Leave out every picture, and restate word for word only the lines from the one containing "this 500×333 image." through the end of the material.
[[ Source records open ]]
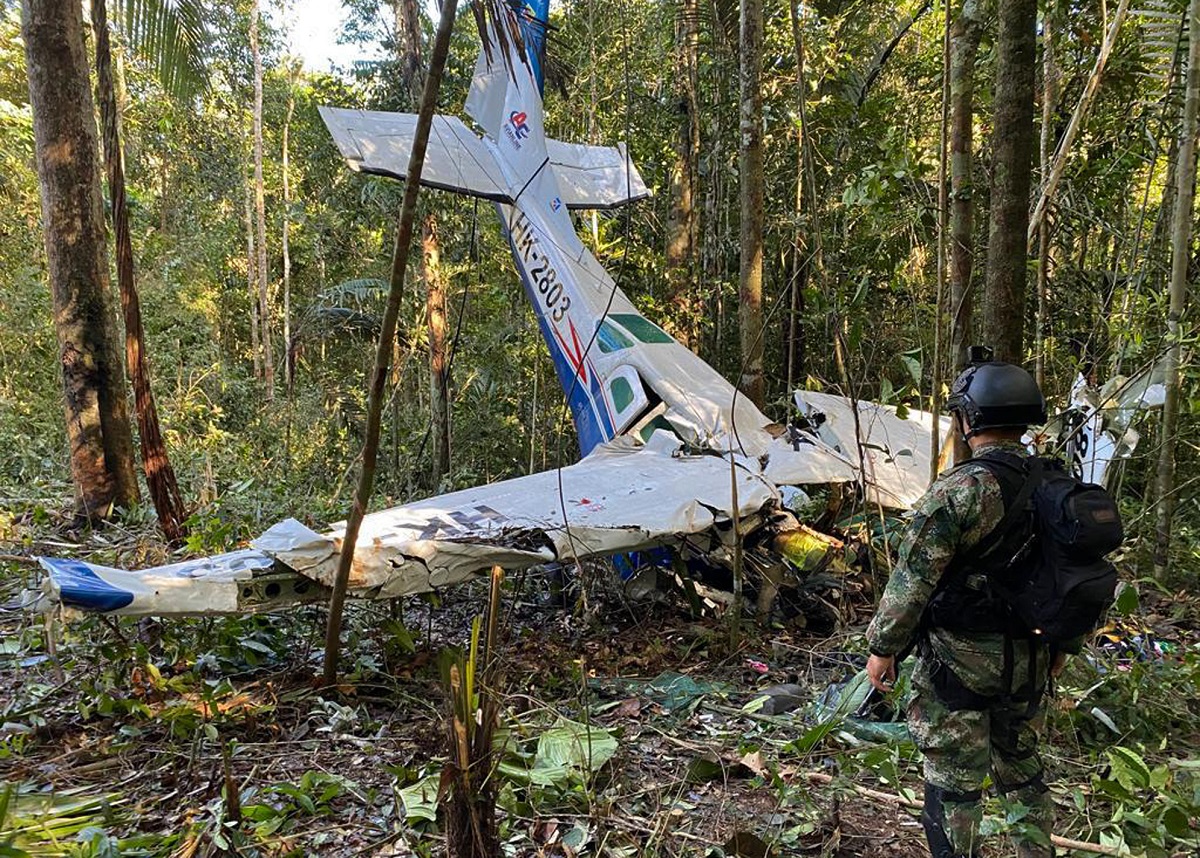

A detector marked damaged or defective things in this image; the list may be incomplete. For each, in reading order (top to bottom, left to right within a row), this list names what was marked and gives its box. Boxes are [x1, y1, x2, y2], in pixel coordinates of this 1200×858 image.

crashed airplane [30, 0, 1132, 619]
torn metal panel [792, 393, 950, 511]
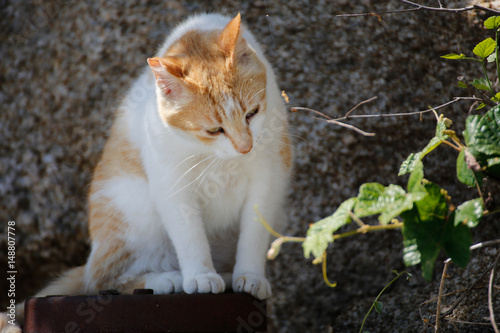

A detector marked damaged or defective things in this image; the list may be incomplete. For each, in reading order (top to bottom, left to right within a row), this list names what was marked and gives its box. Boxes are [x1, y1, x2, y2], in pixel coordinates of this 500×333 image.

rusty metal surface [24, 290, 266, 330]
rusted metal edge [24, 288, 266, 332]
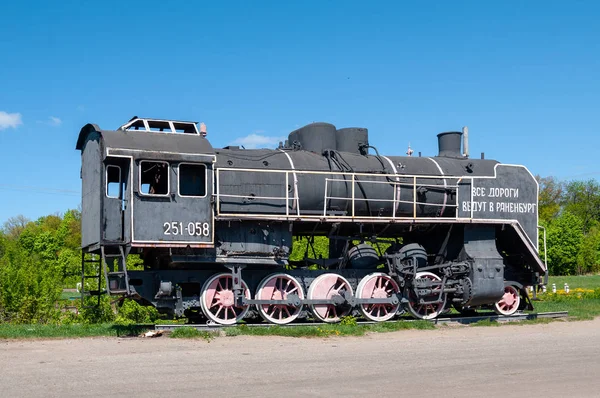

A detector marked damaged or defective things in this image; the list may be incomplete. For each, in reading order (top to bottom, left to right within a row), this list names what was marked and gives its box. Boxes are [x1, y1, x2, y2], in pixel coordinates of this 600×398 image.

broken window [106, 164, 122, 198]
broken window [140, 160, 169, 194]
broken window [178, 163, 206, 197]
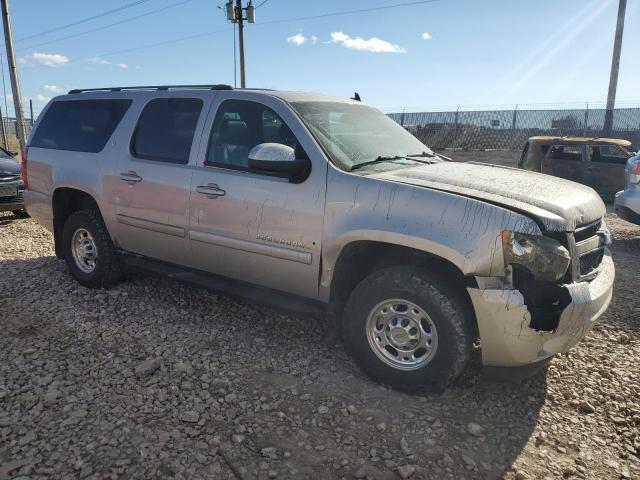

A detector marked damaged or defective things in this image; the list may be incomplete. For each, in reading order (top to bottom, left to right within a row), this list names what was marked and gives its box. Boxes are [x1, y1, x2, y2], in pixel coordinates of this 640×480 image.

cracked bumper [468, 251, 612, 368]
damaged front bumper [468, 251, 612, 368]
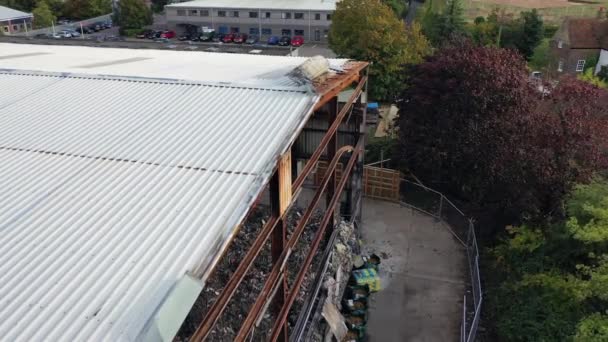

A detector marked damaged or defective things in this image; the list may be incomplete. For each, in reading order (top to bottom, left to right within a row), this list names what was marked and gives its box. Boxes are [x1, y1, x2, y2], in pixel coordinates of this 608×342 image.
[[ Source records closed ]]
**Solution below**
A detector marked damaged or defective things in this image; the list may be incomplete. For each, in reading order (top to bottom, left to right within a row), this list names what was marked and gives its box. Boxes are [x1, y1, x2, y2], in pixel coordinates of this 500×333 image.

rusty metal surface [24, 290, 266, 330]
rusted metal edge [24, 288, 266, 332]

A detector marked damaged or defective things in this image; the list may be incomplete. For each, in reading order (top to bottom, left to right within a row), this list names what was marked and gives its box. Boxes are [x1, y1, x2, y2], in pixel coordinates of this 600×398 image.

broken window [106, 164, 122, 198]
broken window [140, 160, 169, 194]
broken window [178, 163, 206, 197]

A detector marked damaged or defective things in this image; the list may be incomplete. For each, in reading order (top to bottom, left to right within a row), this list names what was marked and gives its box. Boxes are [x1, y1, x2, y2], in pixel coordinates of this 640×480 image.

cracked bumper [468, 251, 612, 368]
damaged front bumper [468, 251, 612, 368]

A detector marked damaged or defective things in this image; the list may be incomplete. For each, in reading order (top to bottom, left to right within a row), this list names what was marked and gives its box. Boxes are [x1, y1, x2, y2], in pixel coordinates of this 608×342 image.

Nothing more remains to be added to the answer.